New Ice Drifting Buoys Deployed Near North Pole
by Mats Granskog | Published: 05-Aug-22 | Last updated: 03-Aug-22 | Tags : ArcticOcean NPI SeaIce UiT | category: NEWS
Arctic PASSION is currently participating in the Arctic Ocean 2022 Cruise deploying several buoys that will collect data in the coming months while drifting with the ice.
Buoy being craned down from the vessel onto the sea ice before deployment. Photo by Trine Lise Sviggum Helgerud @Norwegian Polar Institute
The research vessel Kronprins Haakon reached the North Pole on the 28 of July, and the work to deploy ice drifting buoys started soon afterwards. The largest buoy is carrying an acoustic fish and zooplankton profiler to map them below the ice as well as sensors measuring light intensity in the upper ocean.

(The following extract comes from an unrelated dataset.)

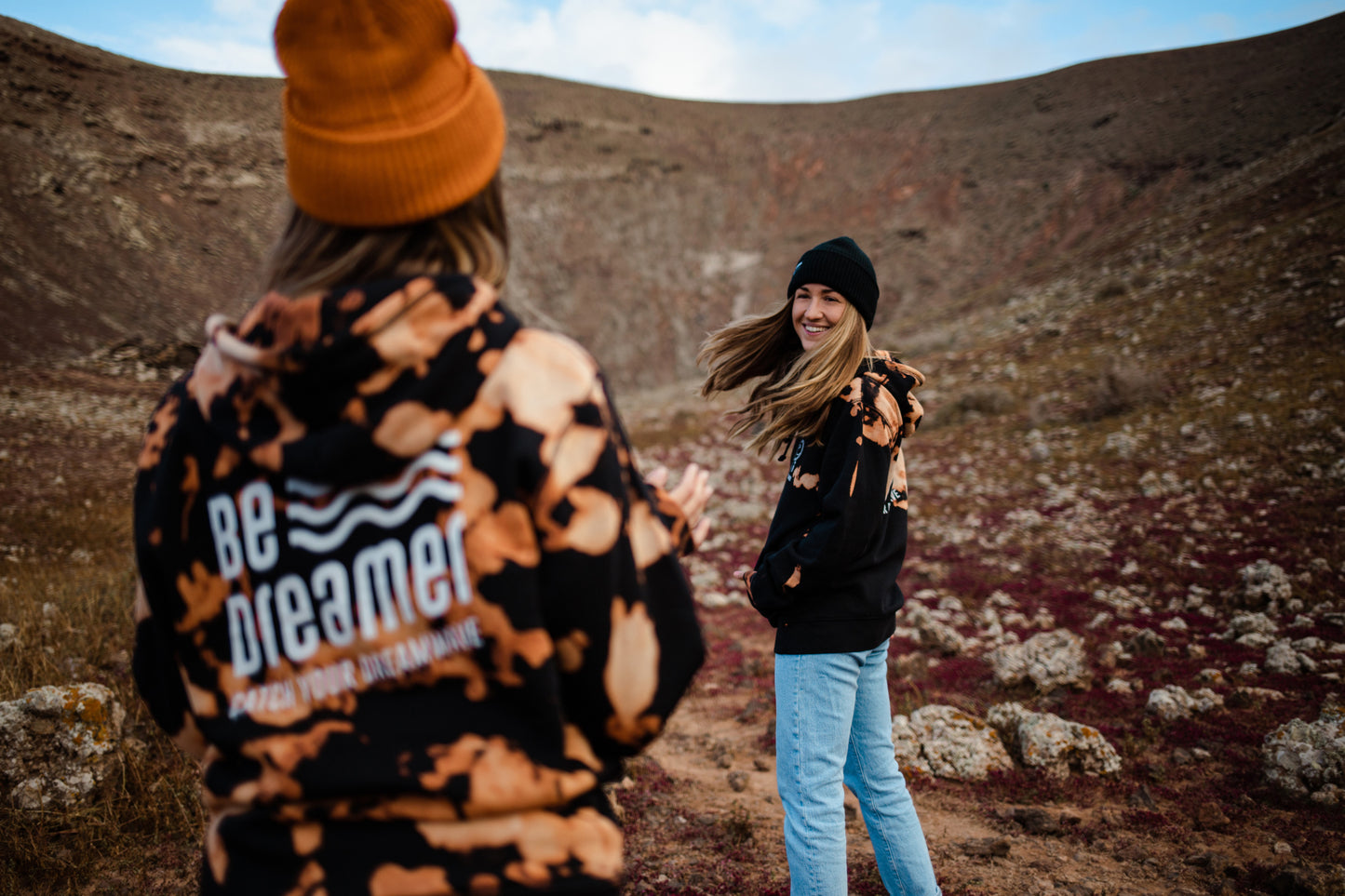 Dreamcatcher - Hoodie Unisex Tie Dye Limited Edition - Be Dreamer Clothing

The ice mass balance buoys will measure snow and ice evolution. The buoys are likely to drift to the Fram Strait over the next half a year or so, collecting data underway.
Happy deployment team after the buoy with an acoustic fish and zooplankton profiler was deployed near the North Pole. From left: Piotr Kupiszewski (Norwegian Polar Institute, NPI), Mats Granskog (NPI), Dmitry Divine (NPI), Pedro de la Torre (NTNU/UiT), and Marius Bratrein (NPI). Photo by Trine Lise Sviggum Helgerud @Norwegian Polar Institute.
The Arctic Passion partners UiT (the Arctic University of Norway) and the Norwegian Polar Institute are currently participating in the on-going Norwegian Polar Institute’s Arctic Ocean 2022 Cruise to the central Arctic. Several autonomous systems have been deployed in the Atlantic sector of the Arctic Ocean. These systems will extend already existing observations and fill known data gaps. More buoys will be deployed during the cruise, primarily in the western Amundsen basin.